Eventually, I planted the two young Angel's trumpets up near my mother's herb garden in rich soil that, long ago, was annually flooded marshland. They thrived. Now, the blossoms are blood-red, fire-red, and deliriously beautiful. Just looking at them is like touching a dream; you can tell they are hallucinogenic, and treading the line toward deadly. Their hallucinogenic properties are very strong, described as terrifying by those who have tried to ingest the plants recreationally. In many indigenous South American cultures, however, varieties of brugmansia were and are used in ritual divinations, to commune with ancestors, to prophecy and to poison. This is a plant that undoubtedly requires deep respect, that calls up the deeps and the darks of the human mind and the realms of spirits.


The blossoms hang like red bells of winter, tolling in the cold and the darkness. "Angel's trumpet"; I love the holy musicality of that name, the image of sere beings treading the fog, blowing into blood-red trumpet flowers—saintly and utterly pagan at once.


This plant grows near the grave of my childhood cat Delphi, who acquired this thoroughly oracular nickname from his full name, Delphinium, which I bestowed upon him at age five, inspired by his blue eyes. I wonder if this particular plant is thriving because his body has seeped its nutrients nearby. I wonder if he is in the red bells, my first pet, never really mine, with his crossed eyes and his temper.  


A newer blossom, unfurling, damp with its own birth. The skin of it looks like lizard's, holy.

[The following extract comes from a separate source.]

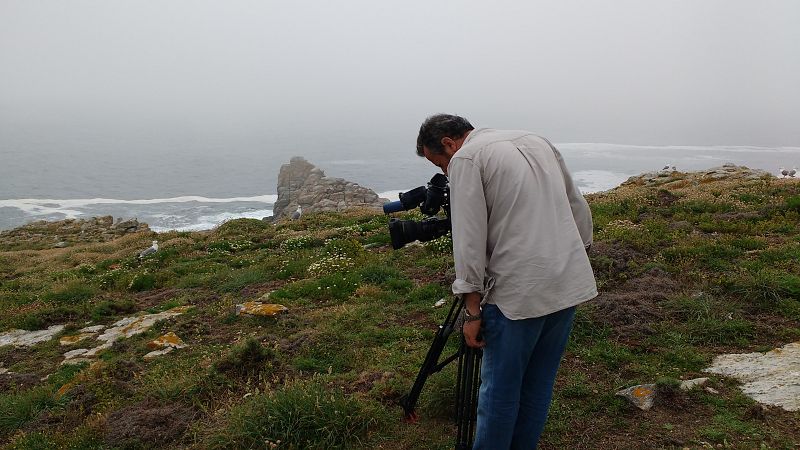 Las gaviotas patiamarillas protegen sus nidos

 Inside, many fires are being lit and tended into the long dark evenings, the boughs of people's Christmas trees (left out on the street for garbage pick-up) stolen for kindling. I like to think of the old tales, the Northern European ones of my own mutt-like heritage, and others the world-over, in which the winter sun lingers, like a dark red heart, for a long time each night in the underworld. The night, earth's shadow, holding that heart of fire, red as brugmansia blossoms. The winter, time for the dream-realms and stories that a plant like the red Angel's trumpet can bloom in the human imagination. The red bells, planted with love, growing blood-dark in the cold, open like a dozen winter suns.

Thursday, January 3, 2013

Shapes of the Seashore: the Salt-Tangles


An old dear friend and I spent the first day of the year by the seaside, watching the stones and kelp-nests, the pelicans gliding close to the waves. I love the sound of the tide washing out against dark rocks, how they purr against each other. 


Ocean and wave-woven.


The dome-shell of an old urchin, like a battered and spiked planet, unmoored.

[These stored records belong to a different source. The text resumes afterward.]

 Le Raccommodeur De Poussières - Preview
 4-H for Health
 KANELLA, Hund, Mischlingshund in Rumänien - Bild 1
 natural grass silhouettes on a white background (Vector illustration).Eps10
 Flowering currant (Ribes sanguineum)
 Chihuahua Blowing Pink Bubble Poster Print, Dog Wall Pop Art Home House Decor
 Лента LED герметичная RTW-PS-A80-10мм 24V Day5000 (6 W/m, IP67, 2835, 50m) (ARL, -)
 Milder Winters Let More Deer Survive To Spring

We found the mouth-beak alongside, where all the food goes in and all the waste goes out. What otherworldly lives these ocean-creatures lead. Humbling, purple spiked, kelp-grazing lives. Once, a healthy sea otter population kept these purple urchins in check, a balance of kelp, otter and urchin. Now, the otters are gone, over-hunted by Russian & American fur-traders in the early 19th century. The massive kelp-beds of yore are gone too. The urchins, wild little spiky creatures, are still about.

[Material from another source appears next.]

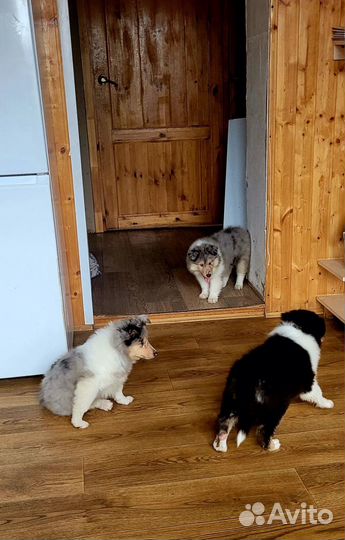 Щенки колли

Sun-bleached urchin-spines. 


There is a perfect perforation of lace inside each urchin shell.


And the stones, silent on the shore, smoothed over and again by water, have deep and restless histories, tossed by tectonic plates, the living earth.


Kelp-fronds that dance like ripple-robed witches, all connected to some great and slippery umbilical cord.


I love how water wears perfect circles, perfect wholes. I'm not sure what it is, but they are immensely pleasing to look at, to touch with your fingertips. In old British traditions, I once read that stones with holes through them were good luck, for healing and fortune, made by fair folk. Maybe it is universal—to be pleased and comforted by water-worn holes in stones.


I am just madly in love with the wild coast where I live. A thousand thanks to it and all of its creatures this new year.